Ron Parisi, CPA, Esq., of Fremont, Ohio-based Reardon, Kolbe & Parisi Inc., recommends that firms have a mentor program that encourages young associates to trust their instincts in investigating abnormal situations for possible fraud. “It’s a firm-by-firm decision as to how formal to make the program,” he said. “It’s good to bring in someone to facilitate a mentor program, probably once a quarter or twice a year.”

 

LINES OF DEFENSE

The understanding of what the engagement involves is critical to liability exposure, since these claims are generated by a misunderstanding of the scope of services to be provided by the accountant. “That’s why having a clear engagement letter is such an important risk control tool,” Mackunis said. “The first line of defense is the engagement letter. The second is documenting any changes to the engagement document, and the third is documenting any off-the-cuff guidance you give to the client.”

“Get a signed, living engagement letter,” recommended Parisi. “It lives and is subject to change as the engagement grows.”

“It’s traditional advice, but it’s true,” agreed Raspante. “Tighten up your engagement letters. Make them as close to bullet-proof as possible. Use your insurance carrier’s samples, or an attorney’s. They’re contracts, and if they are created properly, they are a huge line of defense.”

Blinded by the desire to expand their business, firms can get into trouble when they practice outside of their area of competence.

“Know your business and your industry,” said Mackunis. “We’ve seen a disproportionate amount of claims where firms practice in an area that is not their specialty.”

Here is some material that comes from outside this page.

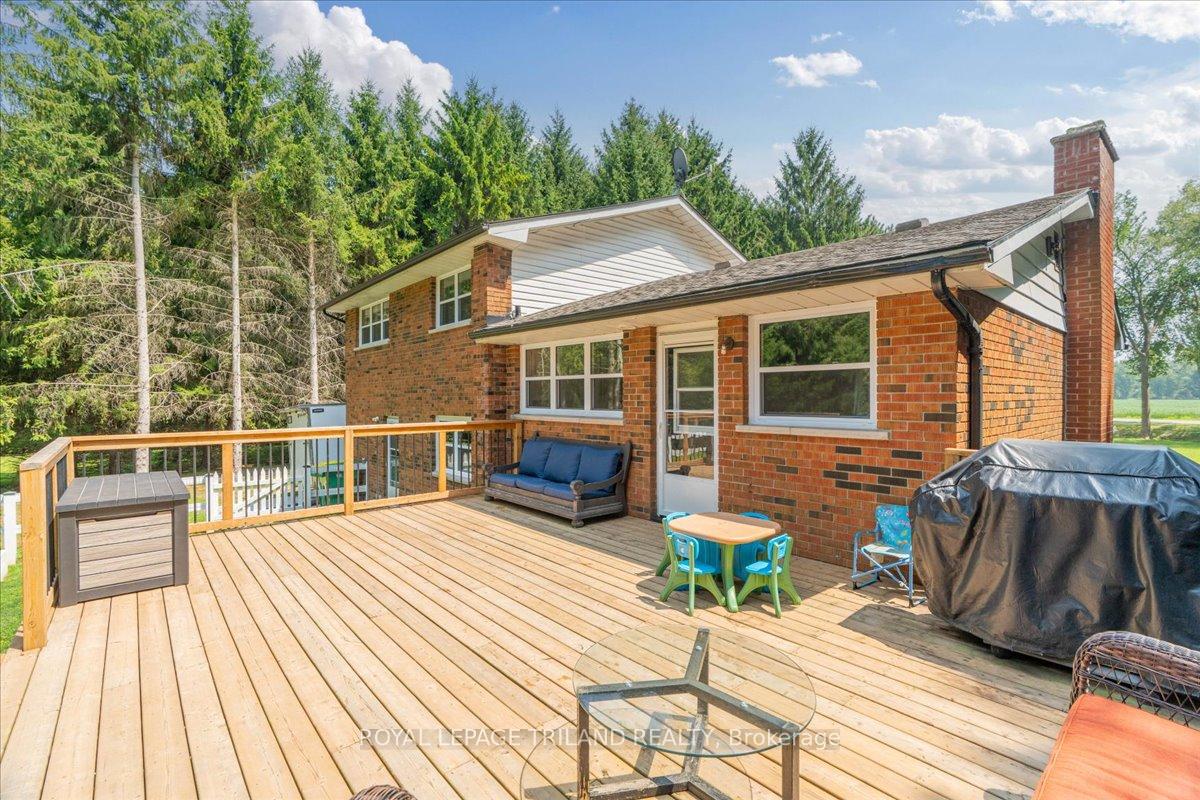 Photo 26 of 5746 Glendon Drive, Southwest Middlesex, Rural Southwest Middlesex — HOMEH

Bill Thompson, a CPA and president of CPA Mutual RRG, agreed. “Don’t take on any engagement that you are not qualified to do,” he said. “Some troublesome areas are not only financial statement preparation, but also tax issues such as like-kind exchanges, estate planning, and anything that has to do with wills and trusts. These are better left to people with expertise in those areas.”

For example, an accountant who handles small businesses and does personal tax returns may get a client who is an Internet-based sales company, observed Raspante. “This is seemingly a non-risk engagement, but one of the problems is all the different sales tax rules regarding Internet sales. You have to match the client’s industry with the accountant’s knowledge and skillset. The two should dovetail, and when they don’t there is the added risk of liability.”

“We had a claim last year where the accountant took on a new client who was in the flower industry,” he added. “He didn’t realize that when you sell through wire services, it’s where the order is taken, not where the delivery takes place, that counts. Because he did not know the rules, the vendor was selected for examination, and was assessed $5,000. If you take on an assignment in a particular industry, there are industry guides and seminars. You can get the skills, but you should do so before you do the work.”

Randy Werner, loss prevention executive at Camico, has observed an increase in competency issues. “It’s what I call ‘You don’t know what you don’t know’ issues,” she said. “If a CPA has certain types of clients that only comprise a very small part of their revenue base (15 percent or less) and has not kept up with standards or the client’s needs changed and the CPA was unaware of the available types of tax savings due to a lack of knowledge, it can create problems. For example, the CPA might have been unaware of an S corporation that could have saved on taxes by electing QSub status.”

 

LONG PRE-ENGAGEMENTS

Ralph Picardi, of Lapping & Picardi LLP, said that firms should focus on engagement risk assessment before beginning an assignment. “That’s my terminology to describe the process by which a firm would screen incoming clients to decide which to take and which not to take, and also to screen existing ones,” he said.

Picardi, an attorney and former CPA who specializes in defending malpractice claims against CPAs, also emphasized engagement letter drafting, more effective communications with clients, and staff development.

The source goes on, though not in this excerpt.